Checklist with guesstimates for duration
Checklist with guesstimates for duration

There is some risk there, of course, and a few points of no (or at least cumbersome) return. If anything went wrong while the AG was offline or while the primary was the single point of failure, we’d have to resort to the west node (or a full restore). And if the west node couldn’t join successfully, we’d have to seed the AG there from scratch, and would have a single point of failure until that finished. This is why we take a round of backups before the window and a round of log backups immediately after putting the app into read-only mode.

Spoiler: nothing went wrong. The transition was smooth, and the app was in read-only mode for a grand total of 25 minutes, with the offline portion lasting just 9 minutes (most of this time waiting for AD/DNS). Could we have avoided those 9 minutes of downtime? Sure. We could have deployed connection string changes to point to an explicit node instead of the listener then deployed another change to set it back. Then the only downtime would have been two brief service restarts. But this is a lot of additional work and pipeline orchestration to elevate the end-user experience – during an announced maintenance window – from 9 minutes of “offline for maintenance” to 2 minutes of “offline for maintenance” and 7-8 minutes of “you can read, but you can’t write.”

Once we were in a happy state, we could end the maintenance window and turn the app back on:

All Windows Server 2019 now
All Windows Server 2019 now

Now, on to SQL Server 2022

With the migration to the new cluster out of the way, we turned our attention to upgrading the environment to SQL Server 2022. This time, we could perform a rolling upgrade without a maintenance window and with just a minor failover blip, similar to when we perform patching. We disabled read-only routing for the duration of these operations, knowing that would mean increased workload on the primary.

First, we added the 04 nodes as secondaries, but – being a newer version of SQL Server – they were not readable.

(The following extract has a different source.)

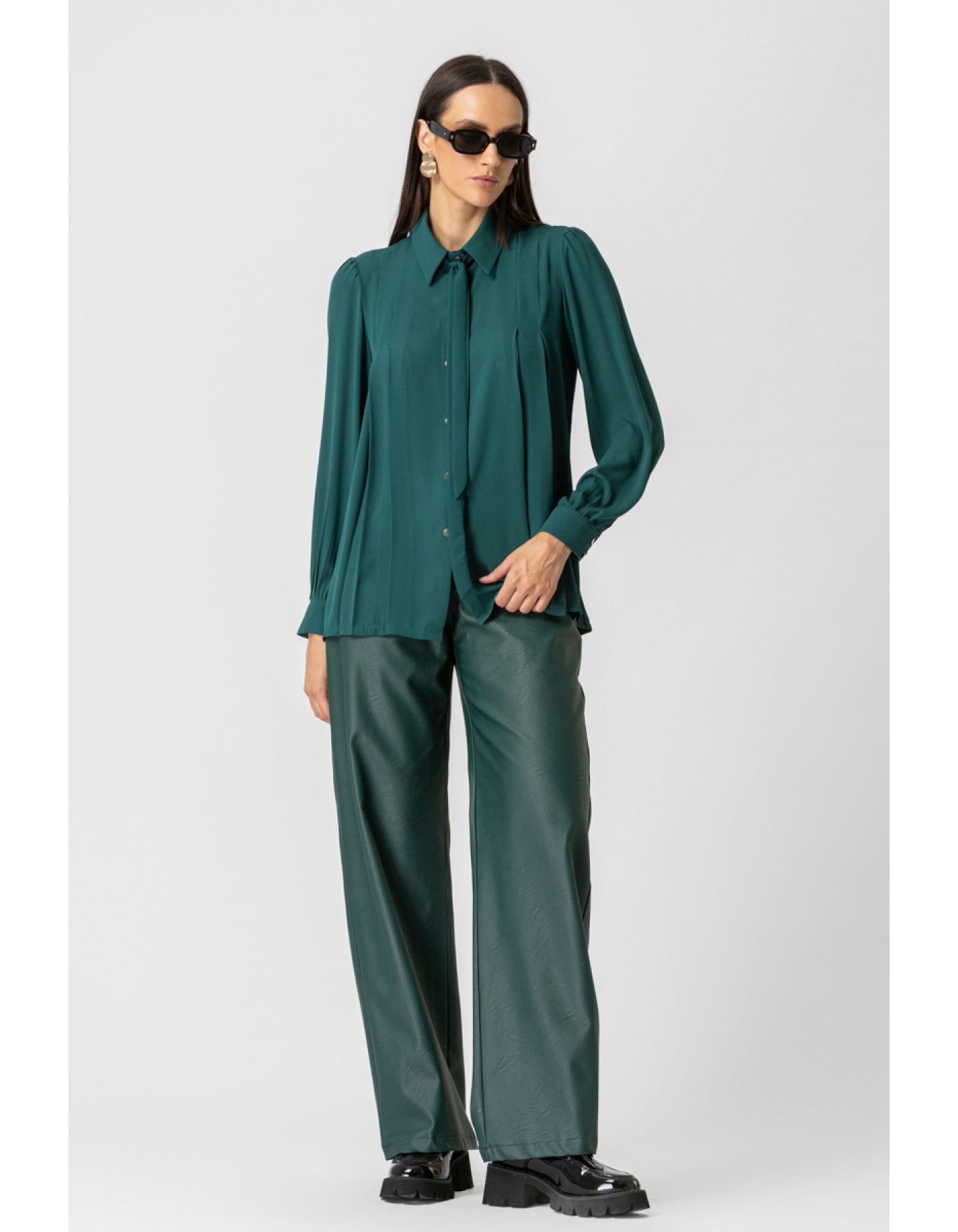 Πουκάμισο ζορζέτα Gala πιέτες Πουκάμισο ζορζέτα Gala πιέτες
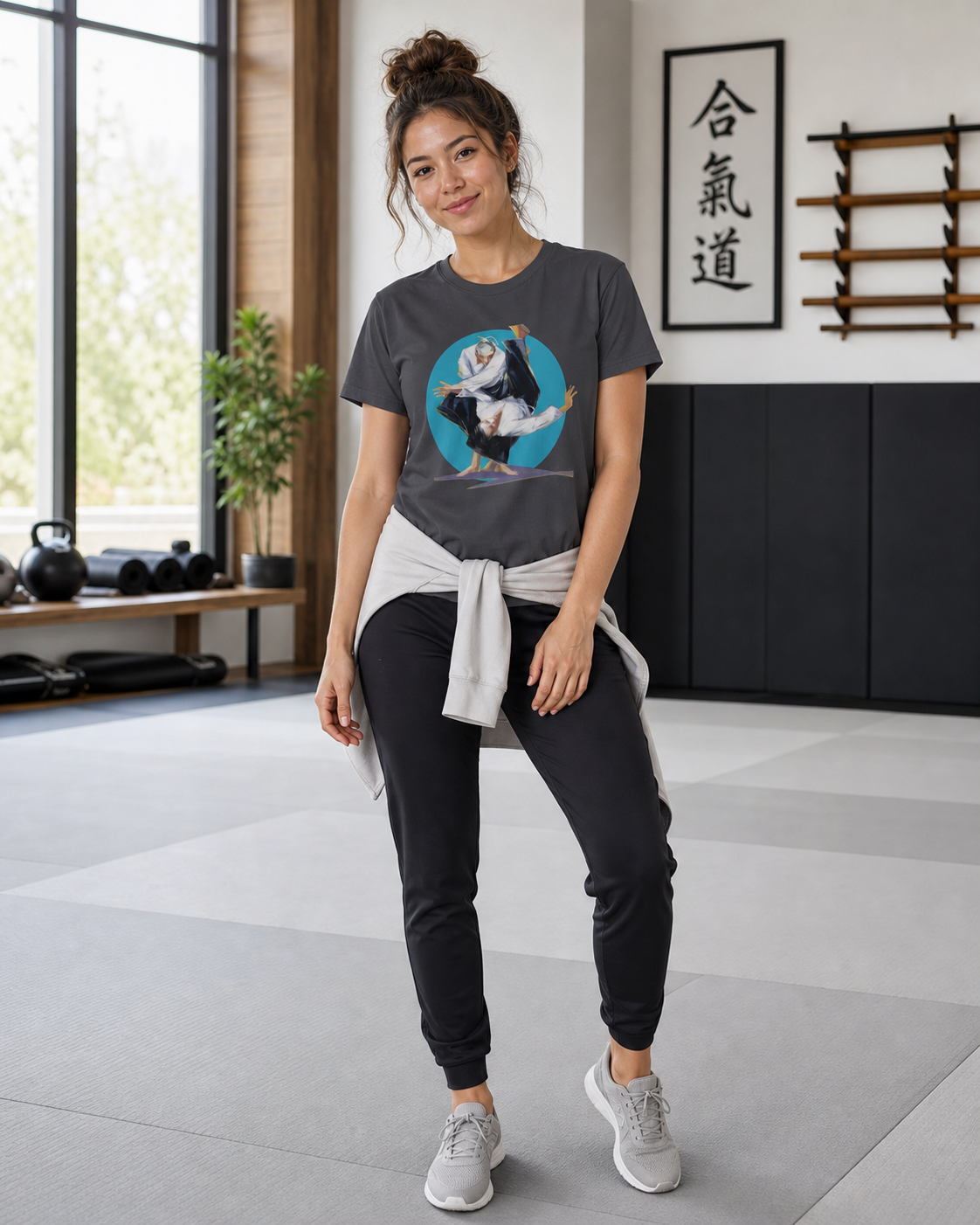 Female model wearing figurative martial art image framed by a bold circular backdrop on grey t-shirt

First, we made the 2022 nodes secondaries
First, we made the 2022 nodes secondaries

Next, we failed over to TM-E-SQL04 as primary, which made the 03 nodes unreadable. This transition was the only downtime for customers, and the only point of no return. The most any customer might have been affected was 42 seconds – this was the longest any database took to come fully online, however this was not even a wholly user-facing database, more of a background scheduler type of deal.

Then, we failed over to a 2022 node
Then, we failed over to a 2022 node

This is another state we didn’t want to be in for long. Not only were the lower version nodes unreadable but, also, the AG could no longer sync to those nodes. This means the primary couldn’t flush logs until the secondaries were all brought up to the same version (or removed from the AG). For expediency, we upgraded the 03 nodes to SQL Server 2022 in place; this isn’t my favorite approach, but it sure is simpler than building yet more VMs and working those into the mix:

Finally, we upgraded the 2019 nodes
Finally, we upgraded the 2019 nodes

If we needed to take a longer time to perform those upgrades, then in order to avoid undue duress on the primary, we would have just removed those nodes from the AG, and added them back when they (or their replacements) were ready.

At this point, all four nodes are running on Windows Server 2019 and SQL Server 2022, and everything has been smooth so far. Hopefully there is some valuable information here that can help you in your next migration or upgrade.

Next on the list: taking advantage of some of those SQL Server 2022 features, and following similar steps to modernize the public Q & A platform.